French tuna canners are urging retailers to raise the retail price of their products, and if the demands aren’t met, they will be less likely to invest in sustainable fishing due to lower profits, says Pierre Commere, director of Adepale, the country’s association of processors.


Pierre Commere, Adepale’s director
The canners have been dealing with higher raw material prices over the past 18 months, while the selling price of the finished product in France has barely budged. The prices of raw yellowfin and skipjack tuna have risen by 41% and 74% respectively, while canned tuna is retailing for EUR 8.30 per kilo, an increase of only EUR 0.20 from 2009.
Besides the surge in raw material prices, which represent about 45-65% of the finished product, steel and vegetable oil prices have also increased globally, according to FIAC Poissons, the fish division of the French canners association.

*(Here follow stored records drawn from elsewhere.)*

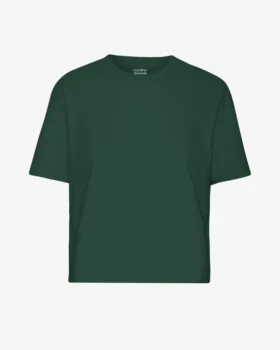 Camiseta corta holgada de algodón orgánico - Verde esmeralda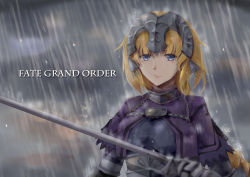Rule 34 | 1girl, absurdres, armor, armored dress, blonde hair, blue eyes, braid, breasts, dress, fate/apocrypha, fate/grand order, fate (series), gloves, headpiece, highres, holding, holding weapon, jeanne d&#039;arc (fate), jeanne d&#039;arc (ruler) (fate), long hair, looking at viewer, nantiao diudiu, necktie, rain, sad, serious, solo, standing, sword, very long hair, weapon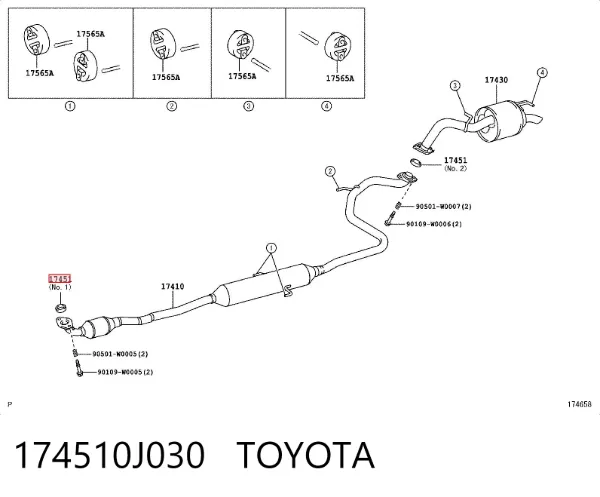 Vedante de tubo de admissão do silenciador 174510J030 Toyota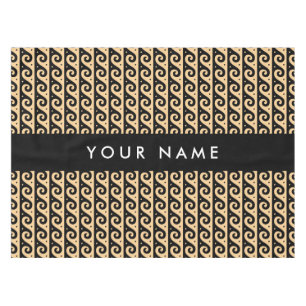 Greek Meander Key, Wave Key, Brown, Your Name Tablecloth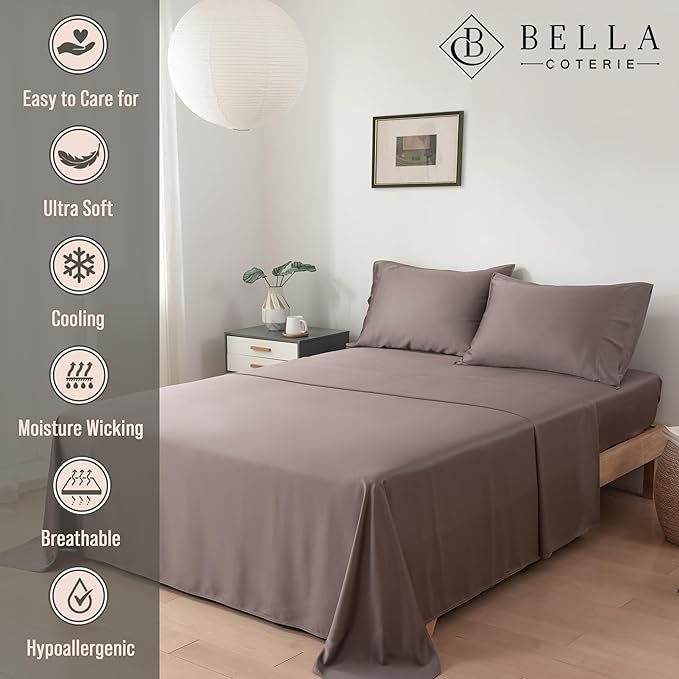 Bella Coterie Luxury Bamboo Viscose Queen Size Sheet Set | 100% Organically Grown | Ultra Soft | Cooling for Hot Sleepers | 18" Deep Pocket [Mocha] BC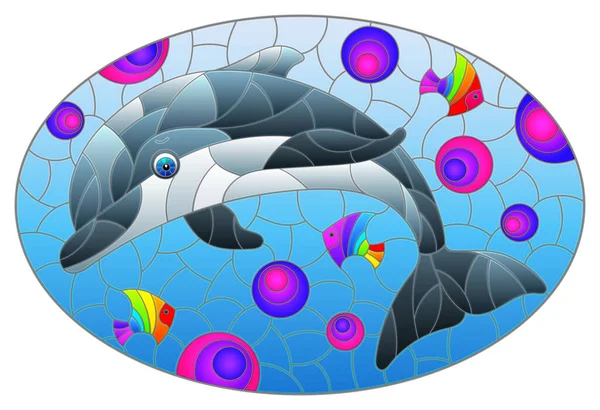 Ilustrace Stylu Vitrážového Okna Roztomilým Kresleným Delfínem Vodním Pozadí Oválný — Stockový vektor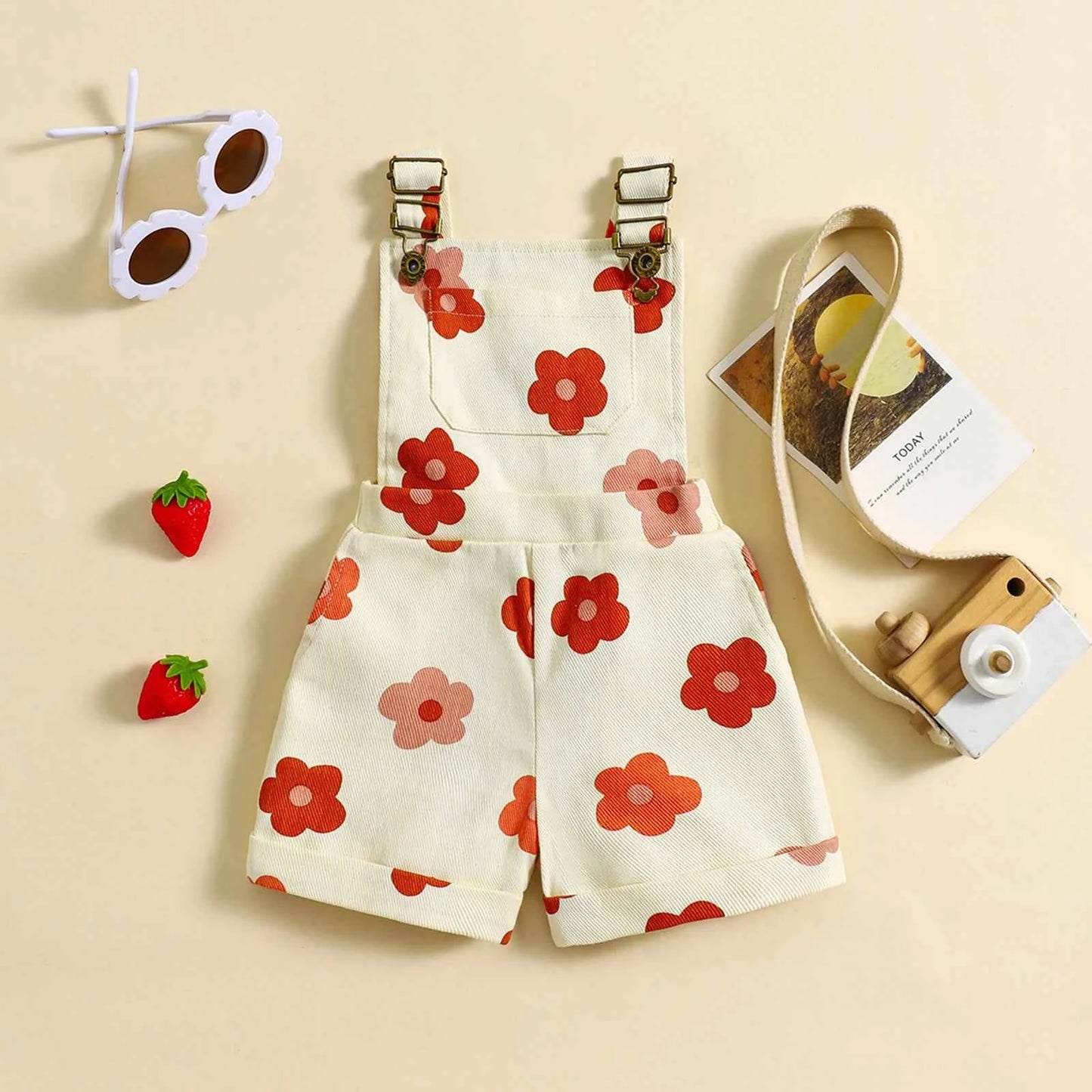 Cotton Floral & Strawberry Adjustable Strap Short Overalls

Over the past two years, the canners managed to pass on “only between 20-40% of the increase that they would have needed to maintain their profitability,” says Commere.
If the retail prices are not raised to reflect the higher production costs, “then profitability is lower and the capacity to invest in sustainable fishing production improvement is lower, and French canners will be in a more difficult situation,” says Commere.
In 2011, about 88% of French households bought canned tuna for a total of roughly 66,350 tons – making it the most popular canned fish product in France. It is purchased by consumers from all income levels and is popular especially in the spring and summer, according to FIAC.
Tuna was also the most produced canned fish item in 2011 in France, with French canners producing 115 million tuna cans or 20,700 tons.
With supermarkets battling to have the lowest prices possible for consumers, tensions are “high” during the annual negotiations, which have to be settled before Feb. 28, says Commere.